Beginning with the line that holds "Manar Retro 32:a" and finishing with the line that holds "NOBL Travel Carry-On: All-in-One", repeat the listing exactly, leaving every picture out.

The records ▸
>>

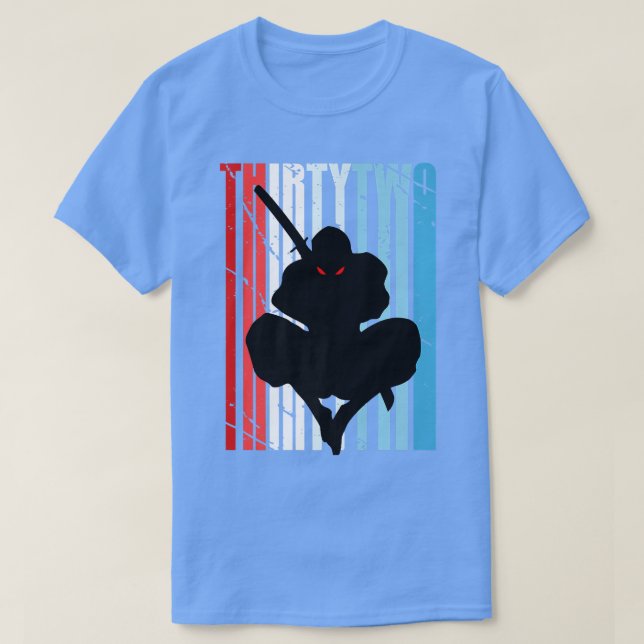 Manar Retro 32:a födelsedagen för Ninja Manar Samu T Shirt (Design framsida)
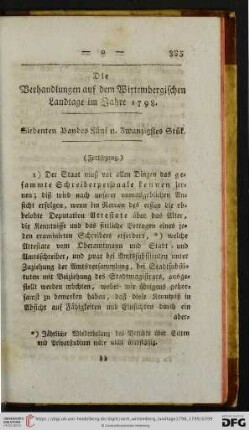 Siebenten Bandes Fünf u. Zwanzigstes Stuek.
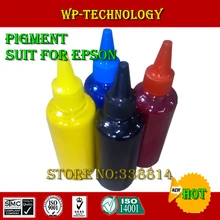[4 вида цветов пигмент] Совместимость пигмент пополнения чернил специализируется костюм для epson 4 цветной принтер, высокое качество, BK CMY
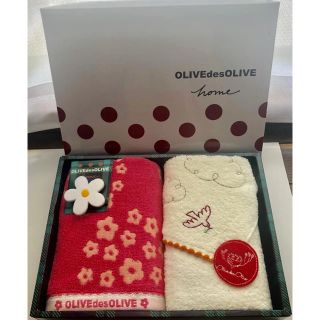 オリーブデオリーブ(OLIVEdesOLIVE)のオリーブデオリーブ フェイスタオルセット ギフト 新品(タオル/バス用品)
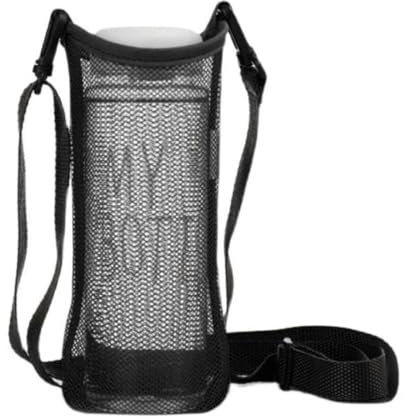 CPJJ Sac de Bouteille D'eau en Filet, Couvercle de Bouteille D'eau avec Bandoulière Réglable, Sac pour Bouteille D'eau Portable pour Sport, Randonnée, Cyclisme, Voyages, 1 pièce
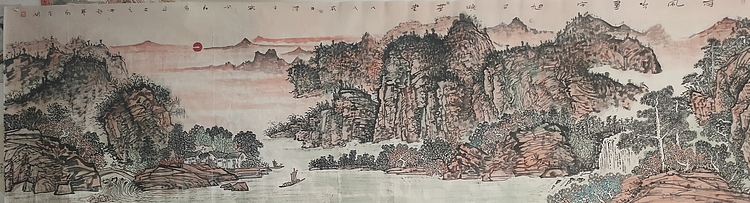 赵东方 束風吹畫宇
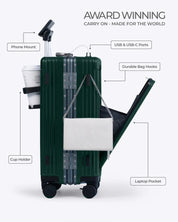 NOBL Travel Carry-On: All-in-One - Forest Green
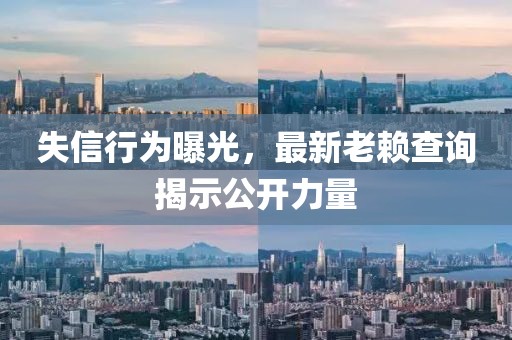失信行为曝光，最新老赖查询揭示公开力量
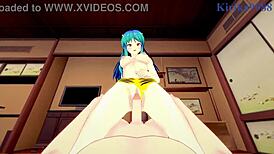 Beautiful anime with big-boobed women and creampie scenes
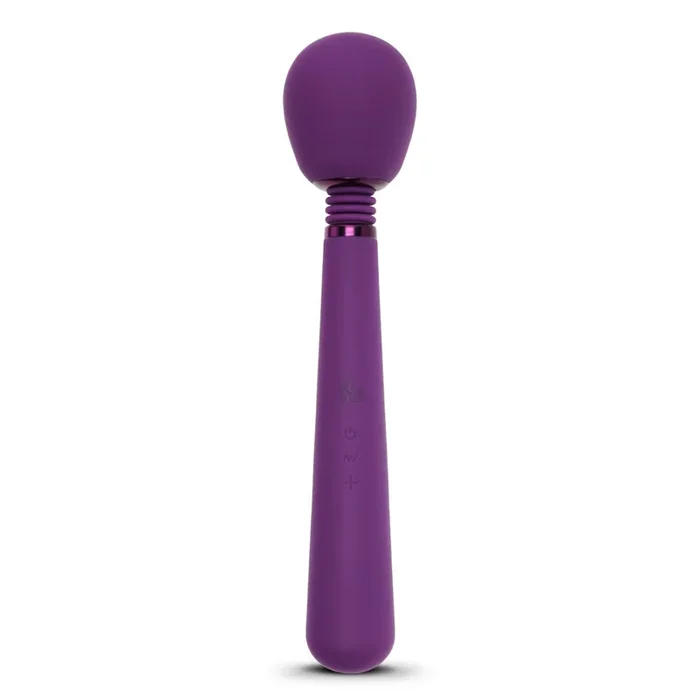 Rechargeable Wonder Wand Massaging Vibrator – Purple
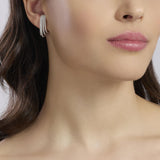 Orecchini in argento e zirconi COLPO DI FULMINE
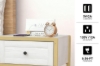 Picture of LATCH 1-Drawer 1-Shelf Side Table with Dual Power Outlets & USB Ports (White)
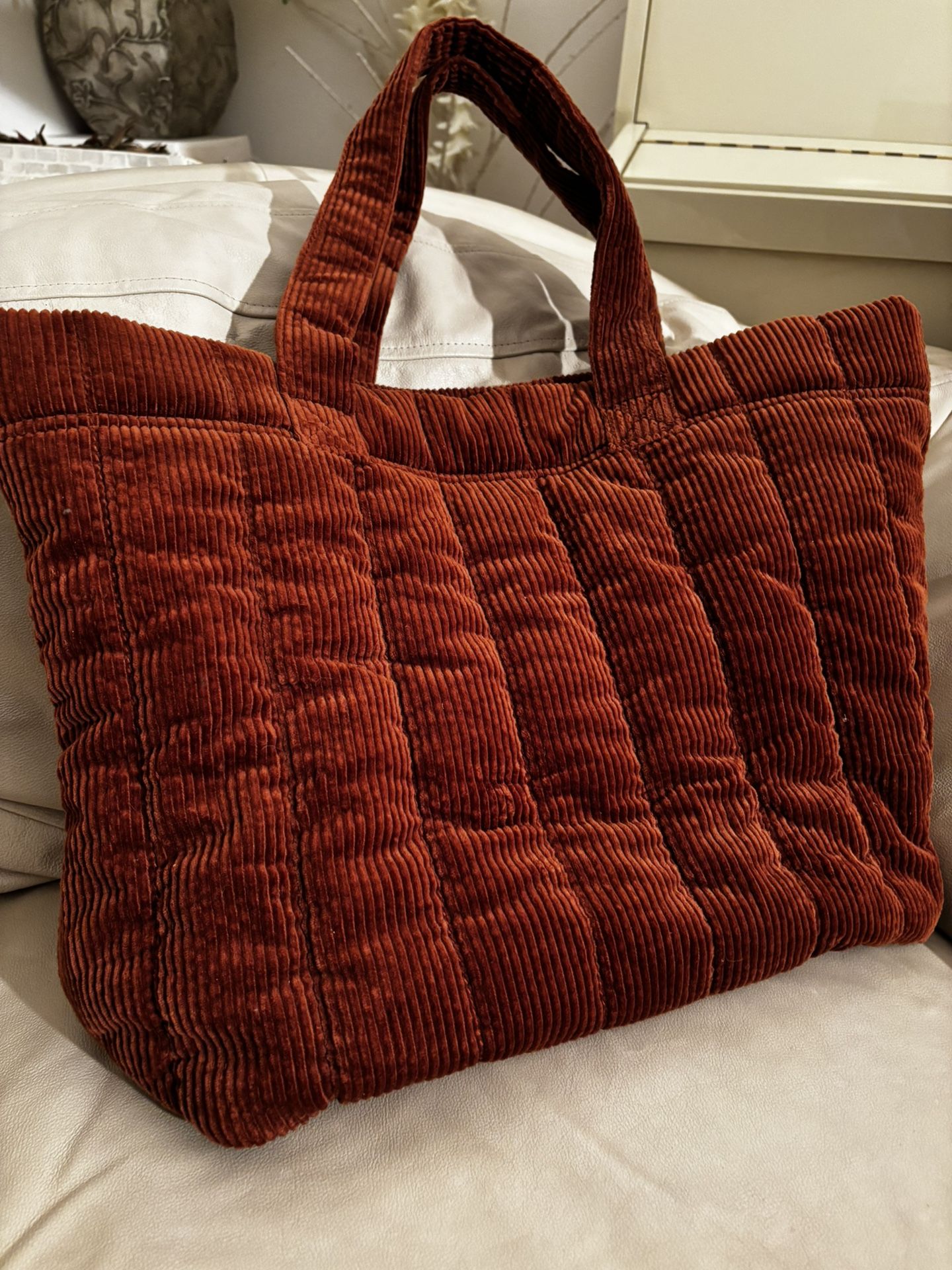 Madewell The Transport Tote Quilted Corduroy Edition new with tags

<<
>>

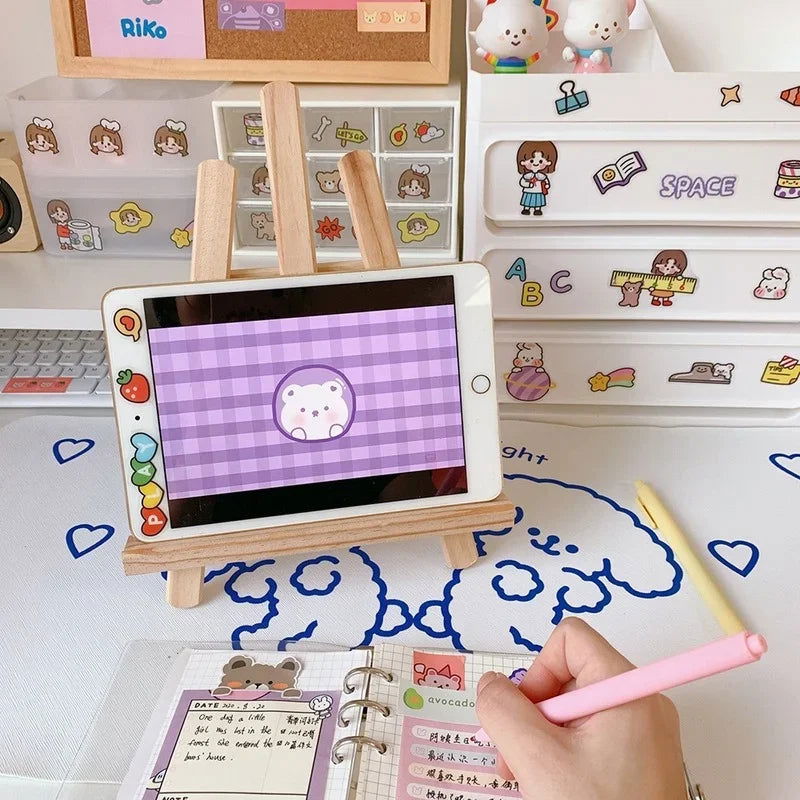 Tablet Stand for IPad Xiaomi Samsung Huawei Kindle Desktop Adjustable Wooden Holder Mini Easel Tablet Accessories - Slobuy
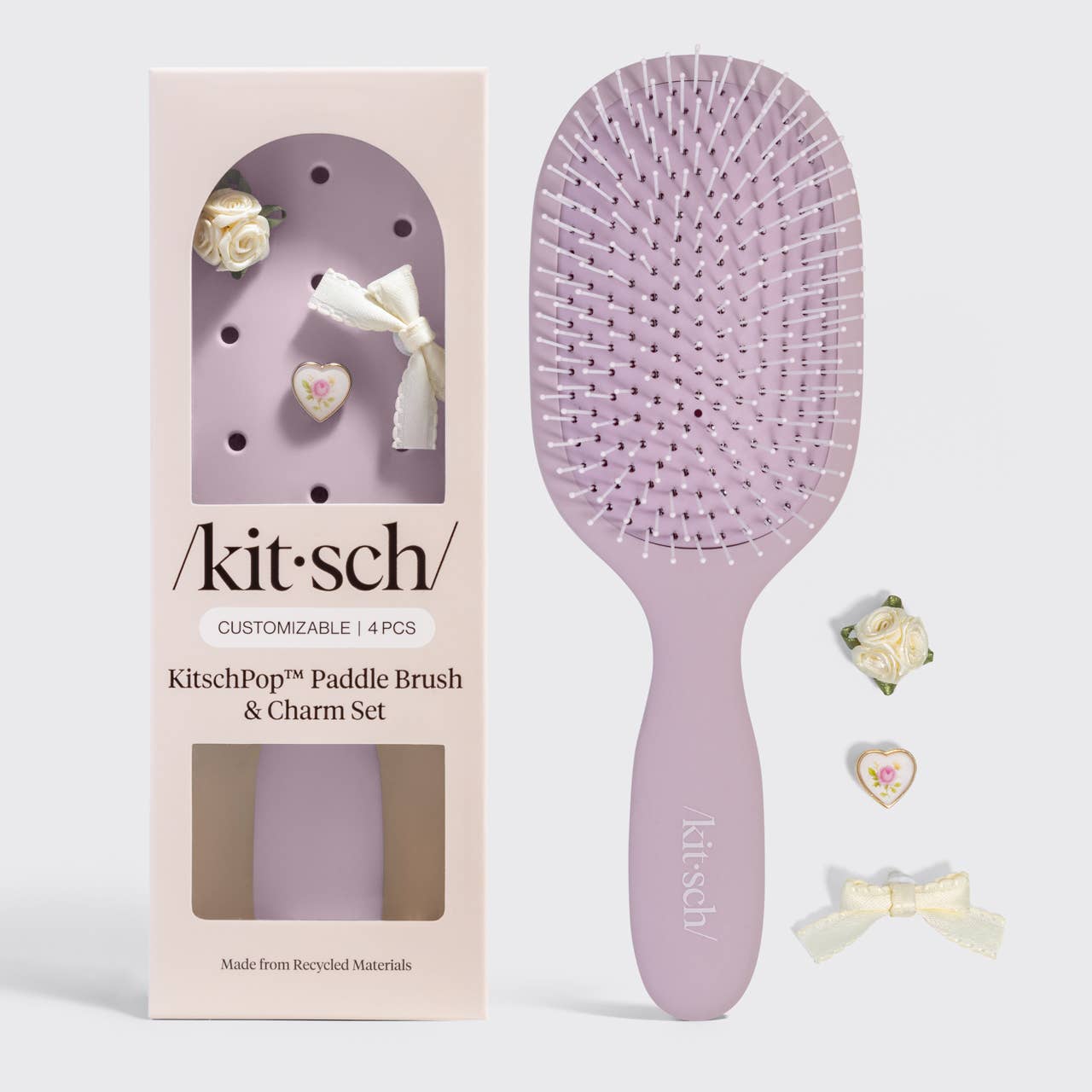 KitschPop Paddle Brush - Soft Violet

<<

Your solution ▸
 Manar Retro 32:a födelsedagen för Ninja Manar Samu T Shirt (Design framsida)
 Siebenten Bandes Fünf u. Zwanzigstes Stuek.
[4 вида цветов пигмент] Совместимость пигмент пополнения чернил специализируется костюм для epson 4 цветной принтер, высокое качество, BK CMY
 オリーブデオリーブ(OLIVEdesOLIVE)のオリーブデオリーブ フェイスタオルセット ギフト 新品(タオル/バス用品)
 CPJJ Sac de Bouteille D'eau en Filet, Couvercle de Bouteille D'eau avec Bandoulière Réglable, Sac pour Bouteille D'eau Portable pour Sport, Randonnée, Cyclisme, Voyages, 1 pièce
 赵东方 束風吹畫宇
 NOBL Travel Carry-On: All-in-One - Forest Green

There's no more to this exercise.